I believe that most products like this are "snakeoil", and what people are tasting is a placebo effect. However, there is one product that actually does work.

The Vinturi

This is a very quick decanter. Friends who are Sommelliers swear by this thing, so I put a lot of stock in that. BTW, you would NOT believe what some top Sommelliers do to wine to make it "Nice". Some of them whip it up in a blender, microwave the bottle for a bit (20 seconds), you name it.


----------



## JimCook (Apr 22, 2009)

A friend of mine had given me a Vinturi - it 'bubbles' the wine like Dean said - rapidly aerating/decanting it. The effect is much better if the glass is immediately consumed, as a control glass next to a treated glass seem to head back to the same point over a little time and/or with equal swirling. Plus, it makes funny 'slurping' sounds as it works and you can actually see the air coming in through the device (using the Venturi effect of a liquid passing by a thin tube to create suction, the wine literally sucks air into itself). 


- Jim


----------



## wctisue (Apr 22, 2009)

I have a magnet. I use it all the time.


When you first bottle the wine it DOES make a difference. We have blind tasted several times to confirm the effect of the magnet. Wine tastes softer, smoother, nicer after being on the magnet.

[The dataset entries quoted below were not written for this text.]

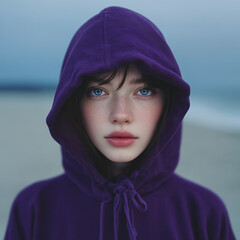 Young woman portrait wearing purple hoodie in moody coastal environment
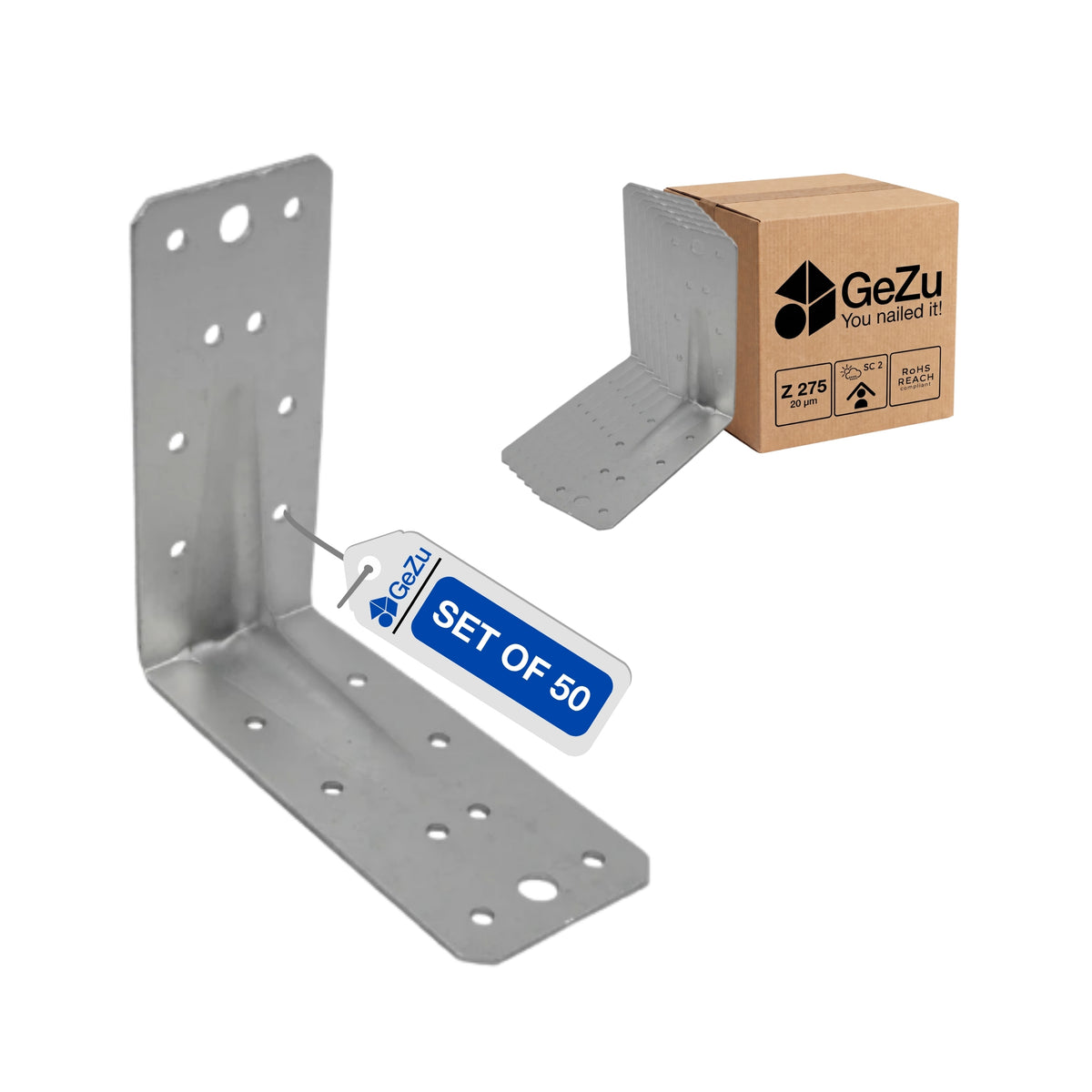 Perforated reinforced angle bracket, pack of 50 - detail view 3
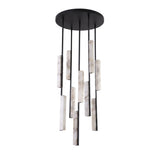 Selvara 10 Light Alabaster Cluster Chandelier in Matt Black, with staggered vertical alabaster bars suspended from a round black canopy on a plain white background.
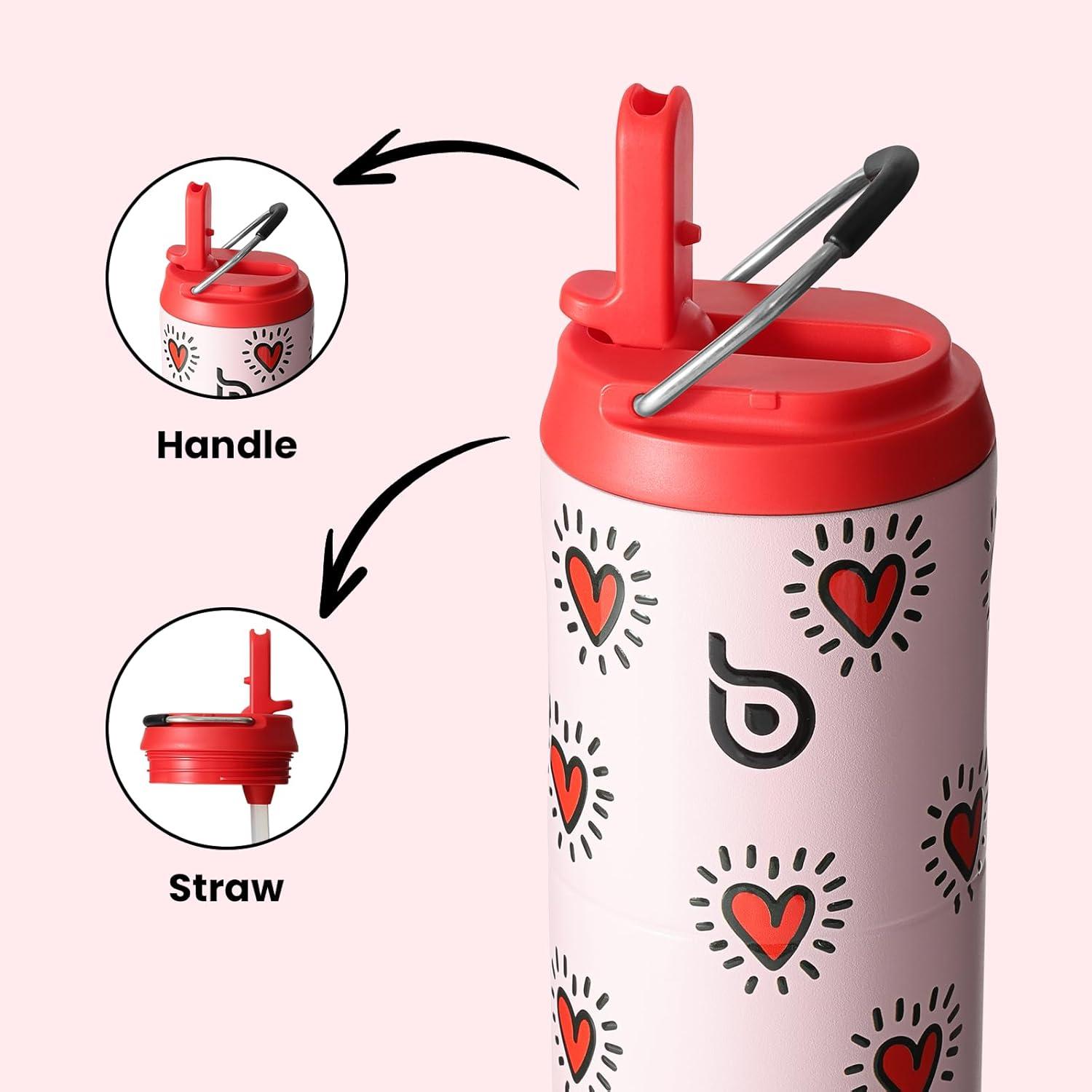 image:imageBOTTLE BOTTLE Bouteille deau isotherme de 710 ml avec couvercle paille poigne en acier inoxydable double paroi sous vide antifuite sans BPA pour sport voyage gym rose jaune bleuBattement de Coeur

We can't tell a difference if we put wine on the magnet if it has been in the bottle for several months. So, I think this is a real short cut if you want to drink the wine fairly quickly after putting it in the bottle. (Say the next 20 minutes or so!)


Wayne


----------



## WineBear (Jun 16, 2009)

The world today is always in such a hurry up mode, and now Wine? Part of the experince of wine making is to wait and see what time can do and the tasting along the way.(anyway, for my wife and I it is). I guesswe just like to do things more the old fashion way, relax and enjoy the whole thing. But it would make a good paper weight. lol


----------